Contagion émotionnelle
Les résultats ont montré que les émotions et les comportements étaient interreliés et avaient une influence simultanée. L'autrice parle même de «contagion émotionnelle», c'est-à-dire que si un parent est positif lors de la discussion, l'enfant est aussi plus positif et inversement.
Il a aussi été possible d'observer que le soutien à l'autonomie du parent est bénéfique à court terme pour l'adolescent et permet de réduire ses émotions négatives. D'autres études ont démontré que ce comportement parental amène l'adolescent à se sentir plus compétent dans sa prise de décision, mentionne l'autrice.
En moyenne, les parents de l'échantillon étaient plus soutenants dans la démarche que contrôlants. «Ce qui veut dire que, généralement, ça risque d'être positif pour l'enfant de parler de choix de carrière avec son parent», analyse-t-elle.
Simples constats, les résultats étaient assez similaires peu importe la composition du duo (père-fille, père-fils, mère-fille, mère-fils) et les garçons exprimaient des émotions plus négatives durant les discussions.
De la théorie à la pratique
Quelle leçon peut-on tirer de cette étude? «Ça permet de réaliser que les parents peuvent contribuer à l'exploration vocationnelle de leurs enfants en ayant des échanges positifs et axés sur l'autonomie», résume Mélanie Bourret, qui travaille aujourd'hui comme conseillère en orientation.

Mélanie Bourret
Elle invite les parents qu'elle rencontre à analyser leur réaction quand ils discutent du choix de carrière avec leur progéniture. Quand l'adolescent est frustré, plutôt que de se montrer négatif, contrôlant ou culpabilisant, il est bon de prendre un pas de recul. «Comme parent, est-ce que j'ai à tendance à exprimer mes propres peurs?», peut-on s'interroger.

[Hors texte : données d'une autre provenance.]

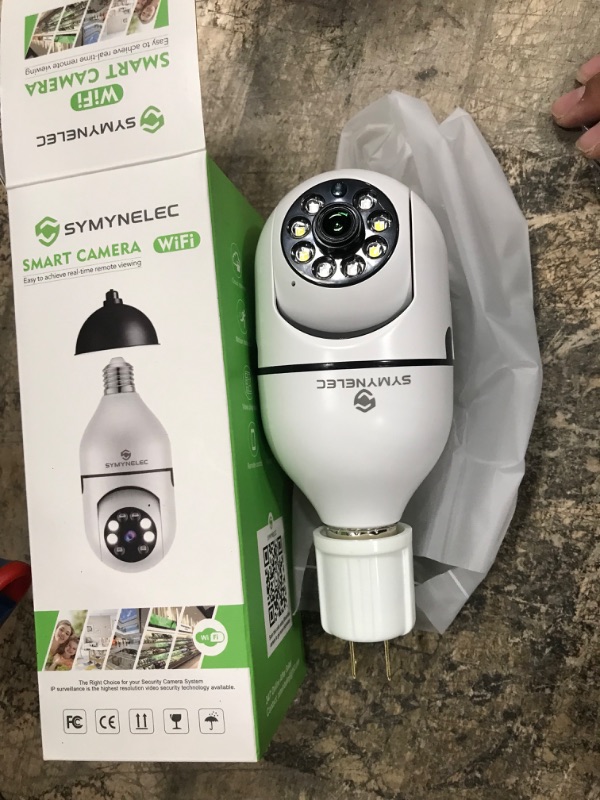 Photo 2 of SYMYNELEC Light Security Camera, 1080P Wireless WiFi Smart Home Security Camera with Floodlight Night Vision Human Motion Detection Alarm Remote Access Indoor (TF Card Not Included)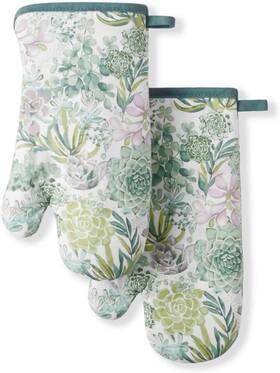 Martha Stewart 313055864887 Succulents Oven Mitt 2-pack Set Green 7 Inch X13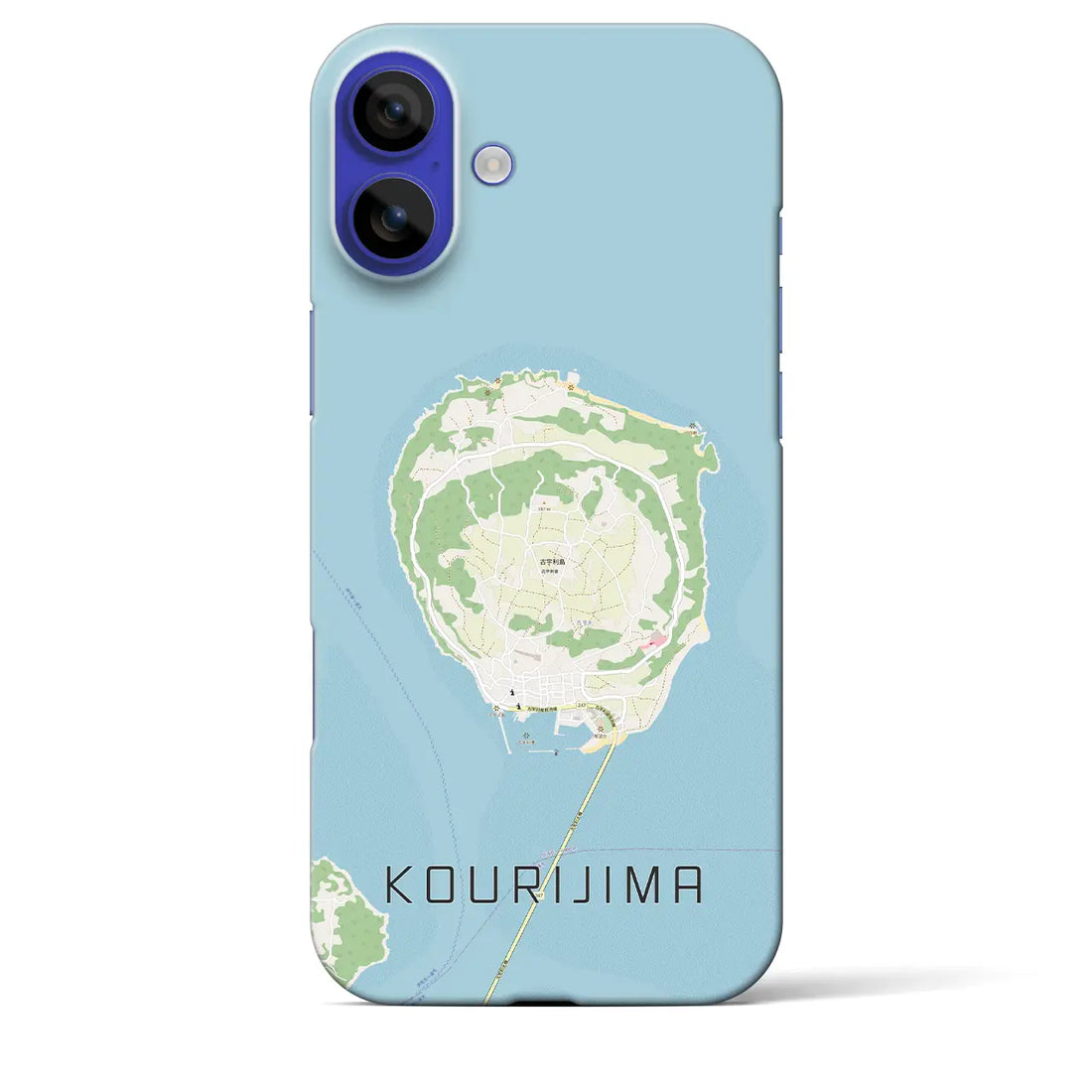 【古宇利島(沖縄県)】地図柄iPhoneケース(バックカバータイプ)ナチュラル・iPhone 16 Pro Max 用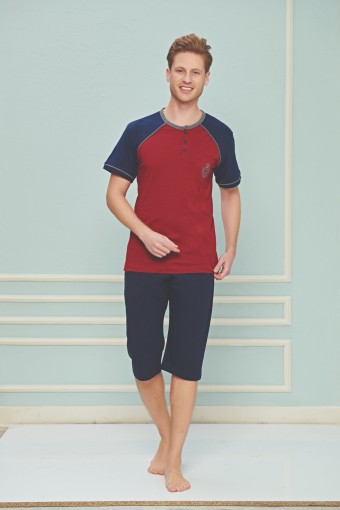 FAPİ - Fapi Kaprili Pijama Takımı Erkek Üç Düğmeli Süprem Kumaş - Bordo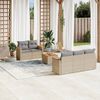 vidaXL 6 Piece Garden Sofa Set with Cushions Mix Beige Poly Rattan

Elle sensibilise tout le monde au fait que parler de choix de carrière suscite des émotions négatives comme du stress, de la peur, de l'inquiétude, de la tristesse, ce qui est tout à fait normal. Il importe, selon elle, de reconnaître les sentiments de l'adolescent ou de l'adolescente, de comprendre son point de vue. «Il est positif d'offrir des choix qui sont en lien avec ses intérêts, d'expliquer certaines étapes à suivre. Par exemple, s'il ou elle désire devenir avocat ou avocate, le cheminement nécessaire est le baccalauréat à l'université.»
En contrepartie, elle suggère d'éviter des comportements qui vont amener l'enfant à faire des choix pour plaire au parent, de le culpabiliser ou de seulement accepter de payer ses études s'il prend telle ou telle voie.
Sachant que le parent a un rôle important dans la réflexion professionnelle de son enfant, aussi bien utiliser ce poids à bon escient.